■ **RECORDS TO PROCESS**:

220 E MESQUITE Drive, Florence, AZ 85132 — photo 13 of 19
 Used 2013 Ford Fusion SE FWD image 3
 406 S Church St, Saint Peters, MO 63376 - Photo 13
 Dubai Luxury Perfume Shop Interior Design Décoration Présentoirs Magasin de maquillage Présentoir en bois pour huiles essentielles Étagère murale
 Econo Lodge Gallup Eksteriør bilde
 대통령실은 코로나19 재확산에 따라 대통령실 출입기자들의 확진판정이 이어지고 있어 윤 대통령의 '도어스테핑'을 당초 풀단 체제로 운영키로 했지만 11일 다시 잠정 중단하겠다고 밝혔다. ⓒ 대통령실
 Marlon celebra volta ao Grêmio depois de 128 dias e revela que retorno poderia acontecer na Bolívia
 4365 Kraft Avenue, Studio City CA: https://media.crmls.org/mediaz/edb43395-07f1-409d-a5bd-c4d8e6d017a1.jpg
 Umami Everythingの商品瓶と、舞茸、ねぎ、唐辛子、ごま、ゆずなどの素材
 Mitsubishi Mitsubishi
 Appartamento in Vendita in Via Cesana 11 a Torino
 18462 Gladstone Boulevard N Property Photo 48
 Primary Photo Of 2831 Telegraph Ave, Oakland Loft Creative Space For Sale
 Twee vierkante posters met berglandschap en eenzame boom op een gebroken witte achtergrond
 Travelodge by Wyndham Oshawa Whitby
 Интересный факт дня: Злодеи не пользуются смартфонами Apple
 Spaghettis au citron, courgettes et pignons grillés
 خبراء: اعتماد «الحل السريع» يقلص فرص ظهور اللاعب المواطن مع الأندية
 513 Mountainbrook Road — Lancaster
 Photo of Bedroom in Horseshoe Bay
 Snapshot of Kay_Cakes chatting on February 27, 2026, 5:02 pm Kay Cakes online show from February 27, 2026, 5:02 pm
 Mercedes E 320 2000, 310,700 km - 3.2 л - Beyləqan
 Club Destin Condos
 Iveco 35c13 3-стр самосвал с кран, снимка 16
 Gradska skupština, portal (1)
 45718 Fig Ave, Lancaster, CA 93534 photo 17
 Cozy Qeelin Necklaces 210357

■ **TASK OBJECTIVE**:
Return the records given above in their entirety, word for word.

■ **TASK OUTPUT**:
220 E MESQUITE Drive, Florence, AZ 85132 — photo 13 of 19
 Used 2013 Ford Fusion SE FWD image 3
 406 S Church St, Saint Peters, MO 63376 - Photo 13
 Dubai Luxury Perfume Shop Interior Design Décoration Présentoirs Magasin de maquillage Présentoir en bois pour huiles essentielles Étagère murale
 Econo Lodge Gallup Eksteriør bilde
 대통령실은 코로나19 재확산에 따라 대통령실 출입기자들의 확진판정이 이어지고 있어 윤 대통령의 '도어스테핑'을 당초 풀단 체제로 운영키로 했지만 11일 다시 잠정 중단하겠다고 밝혔다. ⓒ 대통령실
 Marlon celebra volta ao Grêmio depois de 128 dias e revela que retorno poderia acontecer na Bolívia
 4365 Kraft Avenue, Studio City CA: https://media.crmls.org/mediaz/edb43395-07f1-409d-a5bd-c4d8e6d017a1.jpg
 Umami Everythingの商品瓶と、舞茸、ねぎ、唐辛子、ごま、ゆずなどの素材
 Mitsubishi Mitsubishi
 Appartamento in Vendita in Via Cesana 11 a Torino
 18462 Gladstone Boulevard N Property Photo 48
 Primary Photo Of 2831 Telegraph Ave, Oakland Loft Creative Space For Sale
 Twee vierkante posters met berglandschap en eenzame boom op een gebroken witte achtergrond
 Travelodge by Wyndham Oshawa Whitby
 Интересный факт дня: Злодеи не пользуются смартфонами Apple
 Spaghettis au citron, courgettes et pignons grillés
 خبراء: اعتماد «الحل السريع» يقلص فرص ظهور اللاعب المواطن مع الأندية
 513 Mountainbrook Road — Lancaster
 Photo of Bedroom in Horseshoe Bay
 Snapshot of Kay_Cakes chatting on February 27, 2026, 5:02 pm Kay Cakes online show from February 27, 2026, 5:02 pm
 Mercedes E 320 2000, 310,700 km - 3.2 л - Beyləqan
 Club Destin Condos
 Iveco 35c13 3-стр самосвал с кран, снимка 16
 Gradska skupština, portal (1)
 45718 Fig Ave, Lancaster, CA 93534 photo 17
 Cozy Qeelin Necklaces 210357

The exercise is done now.